Let $X$ be the total number of successes in n repeated, independent Bernoulli trials with success probability $p$. $X$ is called the binomial random variable with parameters $n$ and $p$, written $X \sim Binom(n, p)$.

It seems to me like the problem should be using a Binomial random variable, since we have many (200) events, and we are seeking to find, out of those 200, how many pieces were lost (failure) and how many were not (success). I certainly do not see how using a Bernoulli random variable is correct in such a situation.

I would greatly appreciate it if people could please take the time to clarify this for me.

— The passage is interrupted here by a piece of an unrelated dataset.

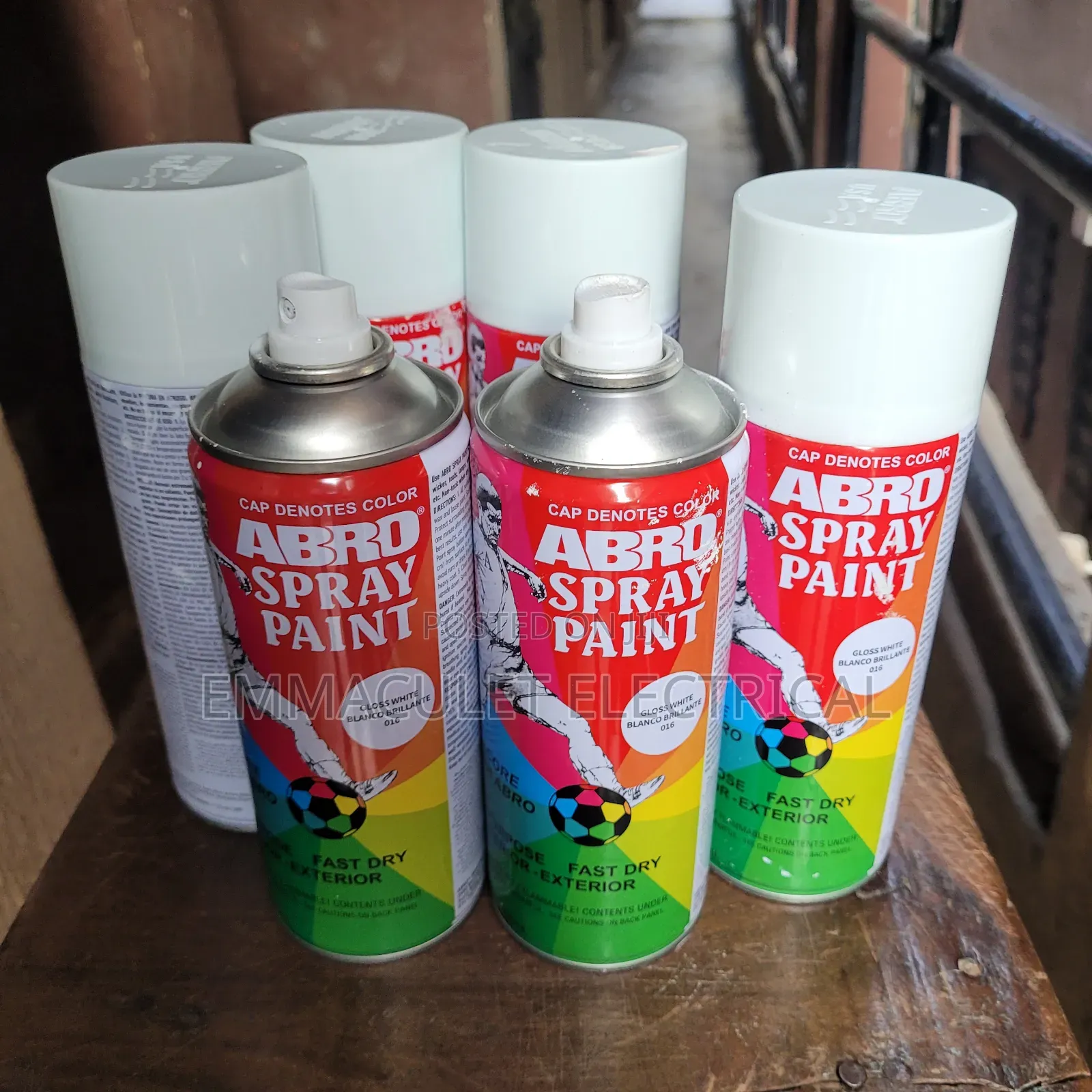Abroad Spray Paint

  • $\begingroup$ We'd be better off answering your question if we knew who/how you were being told that a Bernoulli is more suitable than a Binomial. You only say "[w]hen identifying the probability model for this problem, the textbook uses a random variable with a Bernoulli distribution." Otherwise, we can only explain the connection between these two things: the sum of independent Bernoullis is Binomial. StatsStudent has done a nice job of this. $\endgroup$
    – Taylor
    Commented Jun 12, 2017 at 1:43

1 Answer 1


If you have a single experiment with two possible outcomes, the outcome can be modeled as a Bernoulli Random Variable with parameter $p$ as described in your textbook. If you then repeat this experiment, independently, again, and look at the number of "successful" outcomes across each experiment, then that random variable is described by a Binomial random variable. In other words a binomial "$n$, $p$" random variable is simply the sum of $n$ independent Bernoulli random variables each with success probability $p$.

So in the context of the airline problem, whether or not each "piece of lost luggage is never found" is described by a Bernoulli random variable with success (lost luggage that is never found is the successful event in this case) probability $p=0.06$. When you look at the total number of lost pieces never found, say, $X$ out of $n=200$ pieces, the random variable $X$ is described by a $Binomial(n=200, p=0.06)$ random variable.

A helpful way to look at this is to consider indicator random variables. Let \begin{eqnarray*} I_{i} & = & \begin{cases} 1 & \mbox{if $i$th independent experiment/trial is a success with probability $p$}\\ 0 & \mbox{otherwise with probability $1-p$} \end{cases} \end{eqnarray*}

Then $I_i\sim Bernoulli(p)$ for $i=1, 2, . . ., n $.

Now, add up the indicator variables and set the result equal to the new random variable $X$:

\begin{eqnarray*} \sum_{i=1}^{n}I_{i} & = & X \end{eqnarray*}

Then $X\sim Binomial(n,p)$ = the number of successes (1's) out of $n$.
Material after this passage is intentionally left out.